== Requirement ==
Go to the line below that contains "Juodas sportinis marškinėliai". From there to the end of the records, reproduce each line exactly, except the pictures.

== Provided information ==
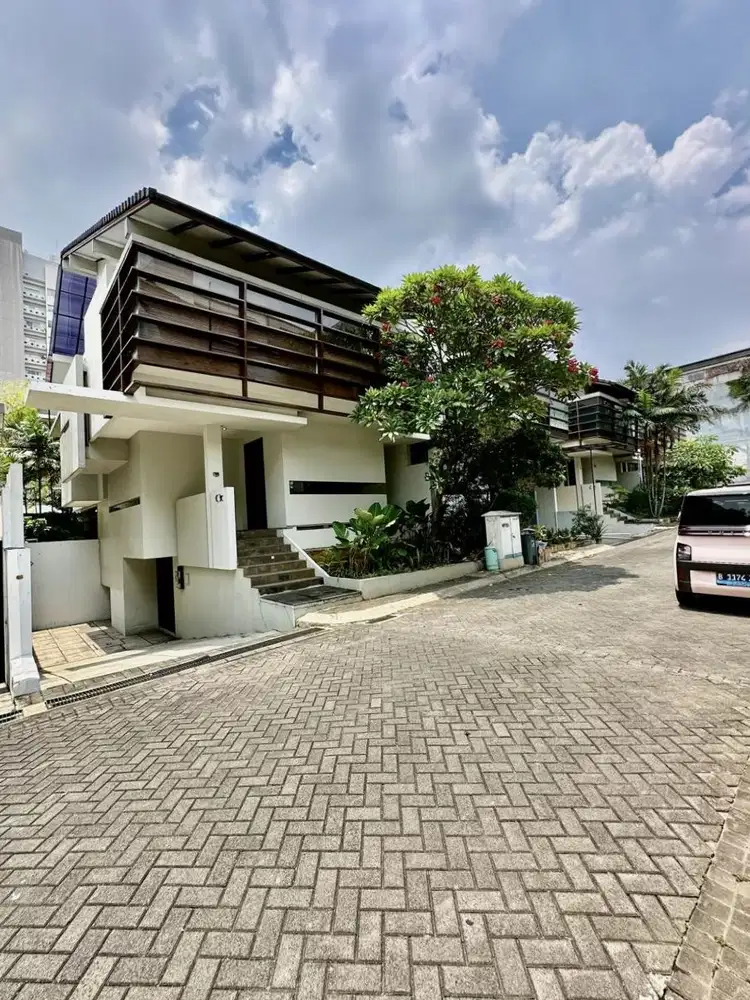 Rumah 3 lantai di Kemang, Jakarta Selatan
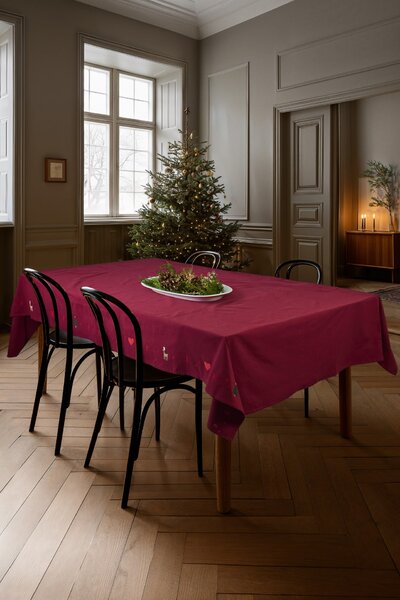Vyšívaný ubrus Christmas Fable Red 270 × 150 cm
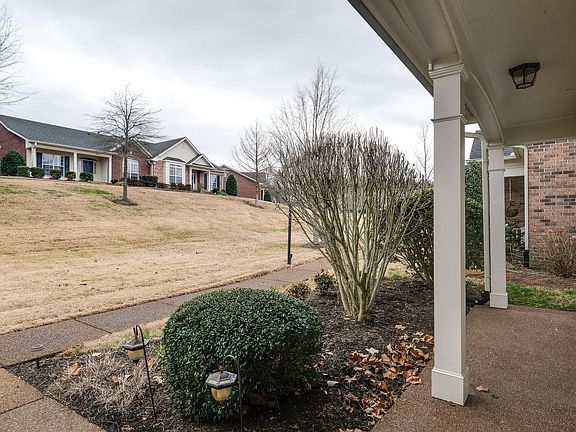 3rd image of 7028 Sunrise Cir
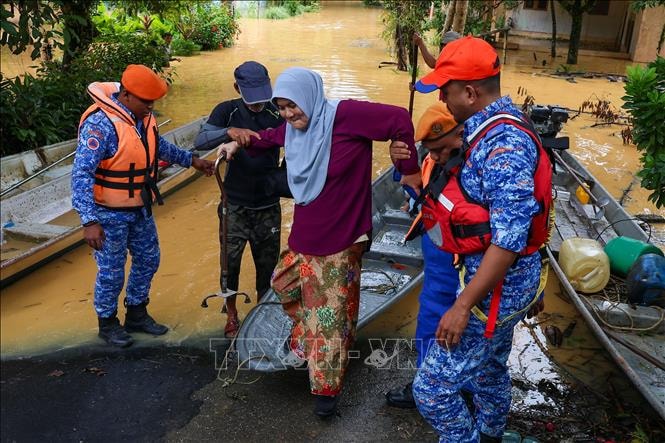 Hơn 33.000 người bị ảnh hưởng sau mưa lũ tại Malaysia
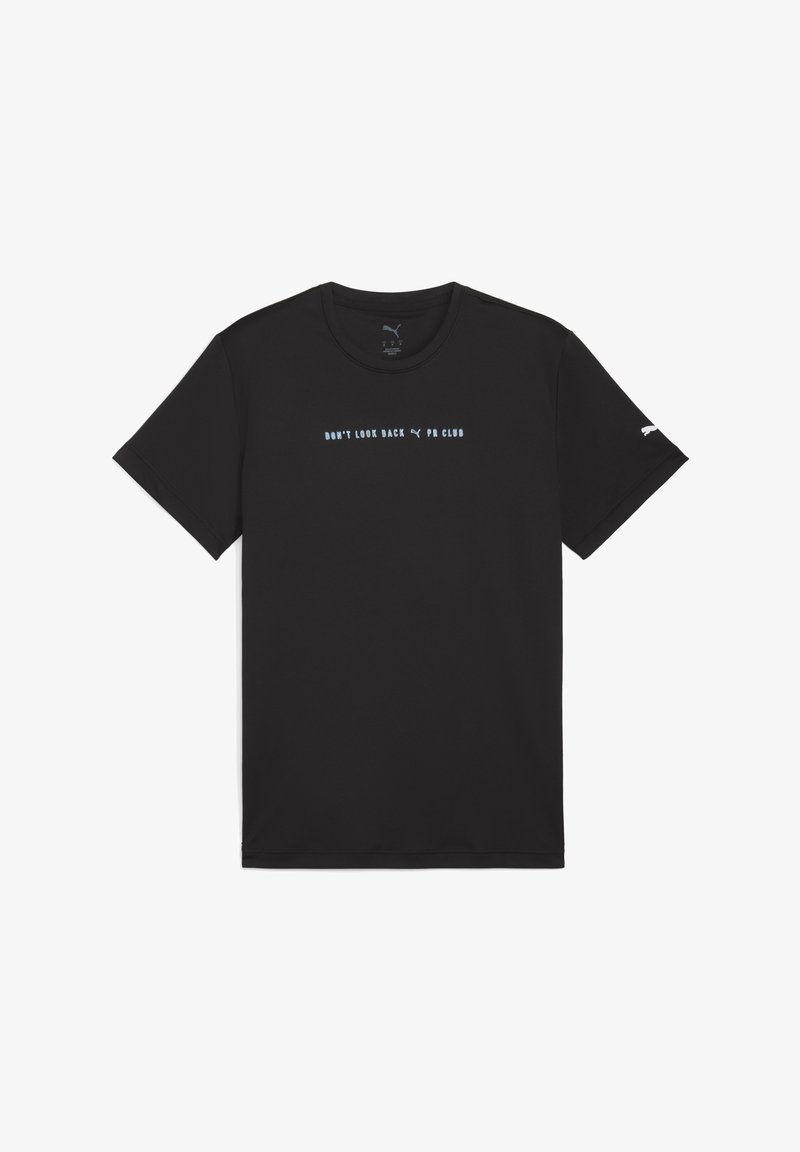 Juodas sportinis marškinėliai su tekstu "NELIK ATGAL" ir "PR KLUBAS" šviesiai mėlyna spalva, su maža logotipo ant rankovės.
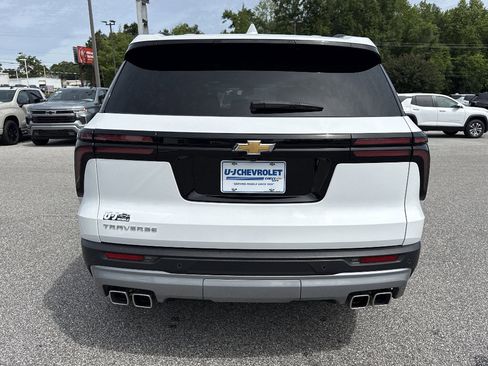 Used 2025 Chevrolet Traverse LT FWD image 4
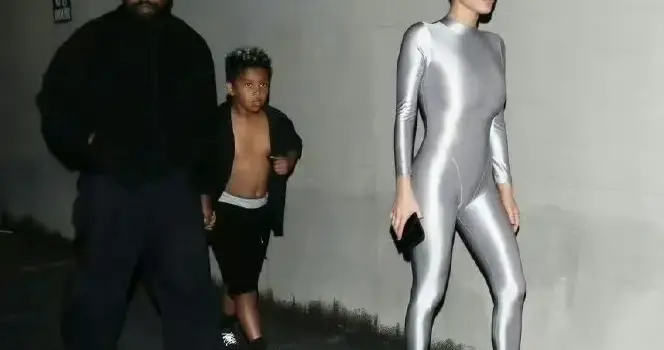 侃爷和老婆比安卡终于穿的稍微正常点了，但孩子的衣品却成了亮点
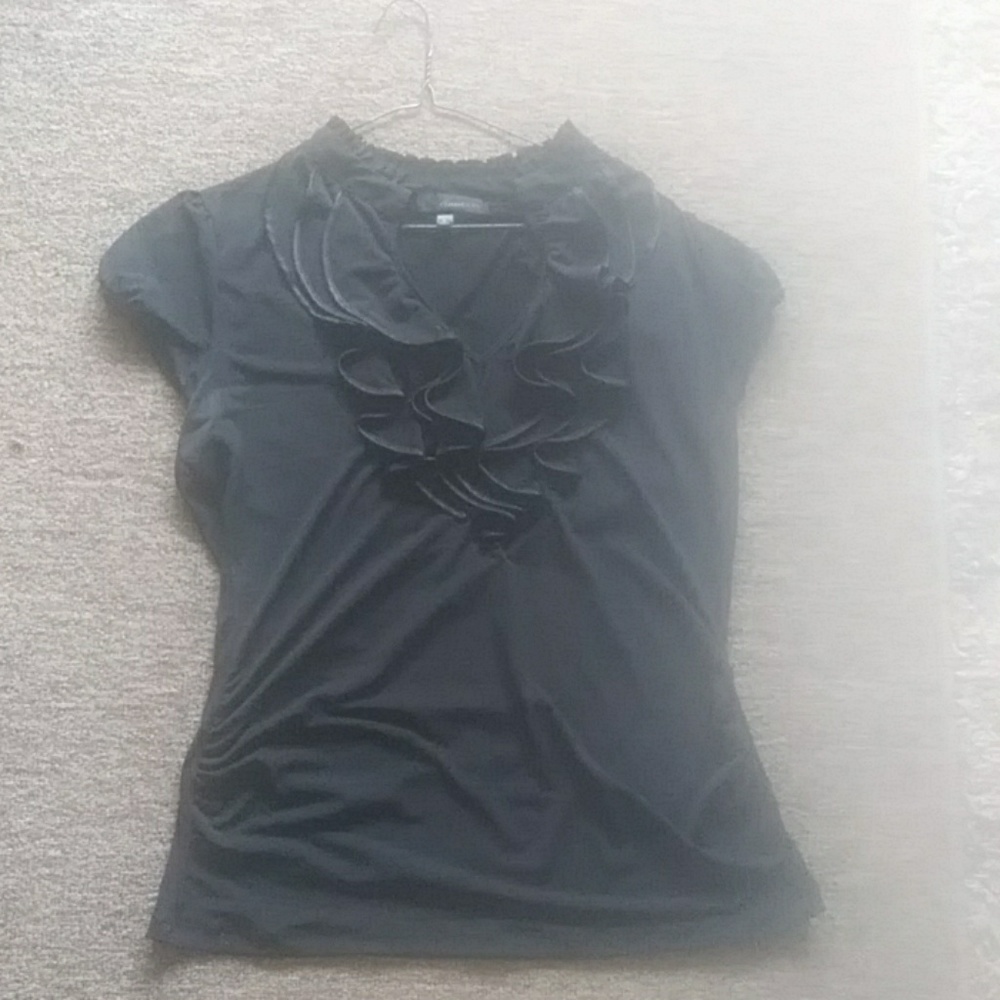 A very sheek woman's shirt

== Problem solution ==
 Juodas sportinis marškinėliai su tekstu "NELIK ATGAL" ir "PR KLUBAS" šviesiai mėlyna spalva, su maža logotipo ant rankovės.
 Used 2025 Chevrolet Traverse LT FWD image 4
 侃爷和老婆比安卡终于穿的稍微正常点了，但孩子的衣品却成了亮点
 A very sheek woman's shirt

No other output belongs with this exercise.